13 September 2019
The Australian and US markets have been relatively volatile over the past three months after a very strong start to the year.
On the 30th July the ASX 200 briefly surpassed the all time high of 6,851, which was set on 1st November 2007. There is of course more to the story than price, as these stocks have been paying consistent dividends over the period. The chart below shows the ASX 200 over the last 12 months, and you can clearly see the strong gains between January and August this year.
Interest rates have dropped again since our last newsletter and the official interest rate now stands at 1.0%. It is quite unusual to see interest rates being dropped while the share market is hitting all time highs, usually interest rates are lifted to slow down a strong market. This is happening because despite the sharemarket doing well the government is concerned other parts of the economy are struggling and bordering on recession. This includes the retail sector and of course the devastating impact of the ongoing NSW/Qld drought.

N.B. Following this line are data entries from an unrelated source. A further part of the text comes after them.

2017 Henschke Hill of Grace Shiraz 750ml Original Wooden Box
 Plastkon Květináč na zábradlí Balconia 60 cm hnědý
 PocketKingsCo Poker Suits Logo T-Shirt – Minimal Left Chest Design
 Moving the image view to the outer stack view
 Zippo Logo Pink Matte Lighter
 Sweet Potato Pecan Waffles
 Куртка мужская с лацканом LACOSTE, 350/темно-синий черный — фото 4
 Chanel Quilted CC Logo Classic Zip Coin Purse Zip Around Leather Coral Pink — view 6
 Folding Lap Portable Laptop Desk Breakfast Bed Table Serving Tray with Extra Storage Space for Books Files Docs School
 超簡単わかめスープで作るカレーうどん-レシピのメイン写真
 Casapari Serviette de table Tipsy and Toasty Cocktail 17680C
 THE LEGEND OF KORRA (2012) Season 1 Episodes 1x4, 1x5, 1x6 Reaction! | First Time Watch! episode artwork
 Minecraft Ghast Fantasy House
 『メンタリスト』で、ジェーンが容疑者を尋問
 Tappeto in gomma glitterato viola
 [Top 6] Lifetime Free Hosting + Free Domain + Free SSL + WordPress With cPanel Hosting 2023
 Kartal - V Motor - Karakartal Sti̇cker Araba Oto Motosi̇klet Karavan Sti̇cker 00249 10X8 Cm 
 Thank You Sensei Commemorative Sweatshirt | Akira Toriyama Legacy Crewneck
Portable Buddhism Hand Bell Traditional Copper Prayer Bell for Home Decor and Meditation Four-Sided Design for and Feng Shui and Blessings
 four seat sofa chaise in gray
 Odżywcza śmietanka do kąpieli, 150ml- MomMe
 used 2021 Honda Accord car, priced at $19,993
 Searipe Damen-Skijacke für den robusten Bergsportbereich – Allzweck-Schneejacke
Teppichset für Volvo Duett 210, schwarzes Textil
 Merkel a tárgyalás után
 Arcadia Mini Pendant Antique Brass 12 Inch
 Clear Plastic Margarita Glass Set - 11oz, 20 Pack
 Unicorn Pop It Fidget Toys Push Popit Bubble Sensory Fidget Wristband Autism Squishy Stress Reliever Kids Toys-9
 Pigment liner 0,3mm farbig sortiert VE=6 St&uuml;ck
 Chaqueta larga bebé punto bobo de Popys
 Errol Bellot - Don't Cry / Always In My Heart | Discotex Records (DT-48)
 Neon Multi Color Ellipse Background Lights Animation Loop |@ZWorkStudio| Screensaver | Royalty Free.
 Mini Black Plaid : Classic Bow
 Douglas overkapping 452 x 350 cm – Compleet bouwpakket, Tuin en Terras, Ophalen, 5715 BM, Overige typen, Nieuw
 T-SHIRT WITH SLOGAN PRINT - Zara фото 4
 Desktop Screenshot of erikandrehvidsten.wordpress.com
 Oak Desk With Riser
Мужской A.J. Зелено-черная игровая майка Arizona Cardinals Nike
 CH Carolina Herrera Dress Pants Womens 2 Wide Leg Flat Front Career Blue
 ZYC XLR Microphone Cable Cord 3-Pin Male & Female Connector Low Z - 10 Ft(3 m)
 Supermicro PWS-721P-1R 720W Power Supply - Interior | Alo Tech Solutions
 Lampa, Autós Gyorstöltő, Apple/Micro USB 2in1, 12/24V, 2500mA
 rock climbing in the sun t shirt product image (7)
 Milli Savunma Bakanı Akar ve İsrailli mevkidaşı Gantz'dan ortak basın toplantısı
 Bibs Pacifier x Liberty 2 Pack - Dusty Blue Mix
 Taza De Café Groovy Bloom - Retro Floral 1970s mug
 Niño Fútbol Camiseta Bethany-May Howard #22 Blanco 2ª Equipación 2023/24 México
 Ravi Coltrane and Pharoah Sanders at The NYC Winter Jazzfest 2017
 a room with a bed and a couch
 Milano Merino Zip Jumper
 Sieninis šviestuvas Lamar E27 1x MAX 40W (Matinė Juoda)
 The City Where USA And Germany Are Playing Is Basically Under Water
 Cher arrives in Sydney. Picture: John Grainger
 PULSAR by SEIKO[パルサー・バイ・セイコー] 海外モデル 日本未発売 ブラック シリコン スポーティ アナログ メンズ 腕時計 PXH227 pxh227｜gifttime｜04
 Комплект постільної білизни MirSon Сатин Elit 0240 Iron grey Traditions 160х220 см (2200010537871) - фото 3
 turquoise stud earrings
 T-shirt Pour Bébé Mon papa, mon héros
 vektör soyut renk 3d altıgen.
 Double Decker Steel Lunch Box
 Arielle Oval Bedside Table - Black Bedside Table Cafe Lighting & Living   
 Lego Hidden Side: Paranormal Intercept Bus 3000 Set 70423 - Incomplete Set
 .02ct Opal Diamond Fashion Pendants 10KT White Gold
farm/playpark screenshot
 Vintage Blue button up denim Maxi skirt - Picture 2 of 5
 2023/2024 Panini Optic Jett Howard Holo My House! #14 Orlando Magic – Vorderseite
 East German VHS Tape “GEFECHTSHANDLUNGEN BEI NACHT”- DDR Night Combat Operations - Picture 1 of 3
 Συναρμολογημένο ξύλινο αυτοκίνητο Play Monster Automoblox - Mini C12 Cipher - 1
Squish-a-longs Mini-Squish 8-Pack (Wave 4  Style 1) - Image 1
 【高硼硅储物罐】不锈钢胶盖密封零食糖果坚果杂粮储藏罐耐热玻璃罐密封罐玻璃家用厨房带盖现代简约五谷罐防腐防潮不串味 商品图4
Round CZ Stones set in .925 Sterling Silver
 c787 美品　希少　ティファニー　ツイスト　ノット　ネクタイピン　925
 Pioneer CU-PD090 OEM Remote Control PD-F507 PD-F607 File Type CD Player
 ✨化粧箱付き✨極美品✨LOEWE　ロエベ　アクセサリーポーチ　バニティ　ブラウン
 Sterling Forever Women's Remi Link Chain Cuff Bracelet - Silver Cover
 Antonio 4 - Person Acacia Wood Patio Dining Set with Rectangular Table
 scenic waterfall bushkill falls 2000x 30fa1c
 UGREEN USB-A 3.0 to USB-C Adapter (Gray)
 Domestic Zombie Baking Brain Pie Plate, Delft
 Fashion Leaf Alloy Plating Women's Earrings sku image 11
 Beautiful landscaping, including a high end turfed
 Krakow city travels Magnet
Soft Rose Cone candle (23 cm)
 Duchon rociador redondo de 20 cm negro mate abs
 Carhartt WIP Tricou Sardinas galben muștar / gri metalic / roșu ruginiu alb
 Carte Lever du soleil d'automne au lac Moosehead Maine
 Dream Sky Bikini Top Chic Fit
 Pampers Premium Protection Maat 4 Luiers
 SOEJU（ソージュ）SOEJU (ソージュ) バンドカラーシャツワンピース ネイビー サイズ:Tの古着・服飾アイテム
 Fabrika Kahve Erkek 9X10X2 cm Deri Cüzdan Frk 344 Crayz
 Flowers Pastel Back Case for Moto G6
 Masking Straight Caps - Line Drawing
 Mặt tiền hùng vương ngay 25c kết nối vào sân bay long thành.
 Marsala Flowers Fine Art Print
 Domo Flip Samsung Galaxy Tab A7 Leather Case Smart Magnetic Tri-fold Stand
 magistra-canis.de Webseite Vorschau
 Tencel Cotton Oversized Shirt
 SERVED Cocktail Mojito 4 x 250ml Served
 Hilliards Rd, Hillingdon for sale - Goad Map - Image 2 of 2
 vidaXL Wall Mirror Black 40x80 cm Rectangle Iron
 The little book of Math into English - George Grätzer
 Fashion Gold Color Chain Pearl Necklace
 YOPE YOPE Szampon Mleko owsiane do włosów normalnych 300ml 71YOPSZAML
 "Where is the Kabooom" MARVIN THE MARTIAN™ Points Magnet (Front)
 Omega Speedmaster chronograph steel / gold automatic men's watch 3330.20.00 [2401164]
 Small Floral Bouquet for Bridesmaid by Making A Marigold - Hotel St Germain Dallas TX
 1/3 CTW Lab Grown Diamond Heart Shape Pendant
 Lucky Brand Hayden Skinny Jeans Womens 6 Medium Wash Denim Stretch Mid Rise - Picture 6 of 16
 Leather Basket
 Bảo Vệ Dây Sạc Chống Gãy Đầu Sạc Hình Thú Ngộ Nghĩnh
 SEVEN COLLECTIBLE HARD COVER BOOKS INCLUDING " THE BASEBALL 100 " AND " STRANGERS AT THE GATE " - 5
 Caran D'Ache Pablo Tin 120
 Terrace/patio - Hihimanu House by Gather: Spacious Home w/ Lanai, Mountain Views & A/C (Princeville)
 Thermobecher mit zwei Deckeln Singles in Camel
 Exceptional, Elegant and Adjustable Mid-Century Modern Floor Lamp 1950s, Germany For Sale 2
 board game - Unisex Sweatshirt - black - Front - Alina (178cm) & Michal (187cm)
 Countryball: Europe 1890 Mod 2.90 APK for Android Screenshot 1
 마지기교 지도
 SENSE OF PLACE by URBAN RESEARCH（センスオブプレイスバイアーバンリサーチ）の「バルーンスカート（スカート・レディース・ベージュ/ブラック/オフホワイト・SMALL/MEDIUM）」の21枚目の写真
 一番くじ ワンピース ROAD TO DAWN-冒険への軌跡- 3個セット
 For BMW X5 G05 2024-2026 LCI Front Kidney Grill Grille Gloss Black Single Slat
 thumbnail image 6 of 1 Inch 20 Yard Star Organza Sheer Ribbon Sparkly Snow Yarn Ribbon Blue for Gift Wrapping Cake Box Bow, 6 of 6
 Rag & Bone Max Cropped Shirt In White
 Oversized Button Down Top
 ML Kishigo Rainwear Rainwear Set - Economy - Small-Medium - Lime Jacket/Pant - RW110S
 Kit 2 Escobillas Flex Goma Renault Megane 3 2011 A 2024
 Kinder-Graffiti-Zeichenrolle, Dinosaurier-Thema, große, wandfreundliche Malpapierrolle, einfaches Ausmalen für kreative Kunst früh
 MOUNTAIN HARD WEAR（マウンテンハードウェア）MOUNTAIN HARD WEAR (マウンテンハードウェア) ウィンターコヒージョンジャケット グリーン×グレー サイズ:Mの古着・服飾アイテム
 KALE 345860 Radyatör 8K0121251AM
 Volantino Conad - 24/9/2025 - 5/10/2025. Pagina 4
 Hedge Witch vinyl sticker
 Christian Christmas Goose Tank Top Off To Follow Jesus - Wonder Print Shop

Overall the Australian economy is growing slowly, with real economic growth only 1.4% for the year to June 2019. This is also being seen in global economies that are feeling the effects of the escalating US-China trade war and European political risks with Brexit. The Reserve Bank is however optimistic as the full effects of the interest rate and tax cuts are yet to flow through the economy.
While this latest growth figure is low it allows Australia to maintain its record of over 27 years of economic growth, with the last recession being in the early 1990s. Borrowing is also very cheap and we are seeing owner occupied home loans at just over 3%. As I’m often told by the farmers I meet with this is far cry from the nearly 20% seen in the early 80s.